Alternative systems of protection
Before intellectual property laws existed in their current form, there were socially-enforced systems for protecting intellectual works, such as the ancient scholarly taboo against plagiarism.
Other informal systems of protection include the customary code of non-infringement used by clowns to recognise each performer's exclusive right to their unique style of makeup, costume and persona. The universality of "The Code" supports the belief amongst clowns that this traditional protection is more effective than that provided by trademark and copyright law. Nevertheless, clowns sometimes do seek the protection of "clown material" using intellectual property laws, perhaps against infringement by third parties outside the clown community.
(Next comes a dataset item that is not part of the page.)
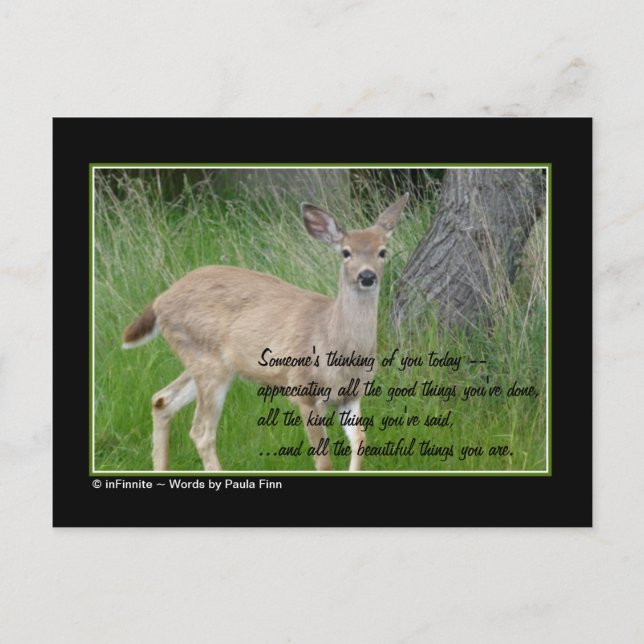 Någon tänker på dig... vykort (Framsida)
With the advent of valuable domain names, and the practice of domain name squatting, the right to use and register certain domain names are often contested, particularly where a domain name consists of or comprises another party's well known trademark. Domain name registries, which are generally non-governmental organisations, utilise dispute resolution systems which operate in parallel with national laws. ICANN requires that registries for top level domain names (eg. .com and .net) use the Uniform Domain-Name Dispute-Resolution Policy (UDRP), while other registries use systems such as Nominet UK's "Dispute Resolution Service" (for the .uk registry), which often adopt or mirror the provisions of the UDRP.
Valuation of intellectual property
Little argument over intellectual property (IP) would occur if it did not have a value for the owner. The principle of valuing IP is to determine the future income associated with its ownership (Smith&Parr: Valuation of Intellectual Property and Intangible Assets, 3rd Edition, Wiley 2000). Note that the value of IP is independent of its cost. The creation of a musical composition, invention, valuable software may have cost little, and can generate a very high income. Profit margins from IP are typically much higher than profit margins from manufacturing of tangible goods.
Determination of future income requires estimating the income due to the IP in each of all future years over its life; i.e., the amount sold and the net income per unit after routine sales costs are deducted. If the IP is used internally, then the savings due to owning it can be similarly estimated. The risk that intellectual property becomes obsolete is high, and reduces the current value. Without risk, future income is discounted by using a risk-free interest rate. Risks include unexpected competition, unauthorized copying, patent breaches or invalidation, and loss of trade secrets. With such risks, discount rates increase, based on the expected Beta coefficient. With high discount rates, sales that occur far in the future have little effect, simplifying the determination of the net current value of the included IP.
When the items being valued contain multiple IP components, then the proportion and life of each component must be determined. That case exists in the small, as for software that receives updates throughout the future, and in the large, for companies that vend many products. Shareholders of public companies in effect estimate the aggregate IP of a company, providing a market capitalization through the price they are willing to pay for shares, which is in effect the sum of the book value and the IP owned by the company.
U.S. generally accepted accounting principles (GAAP) do not allow the listing on corporate books of IP, making it hard for investors to be rational about share prices. IP is generated mainly through research, development, and advertising (IP generating expenses or IGE), making it hard to assess the effectiveness of IGE. Companies participating in the knowledge economy typically have a market capitalization which is a large factor greater than their book value, the sum of their tangible assets and cash. Only when a company has been purchased will the purchased IP briefly appear on the books as goodwill.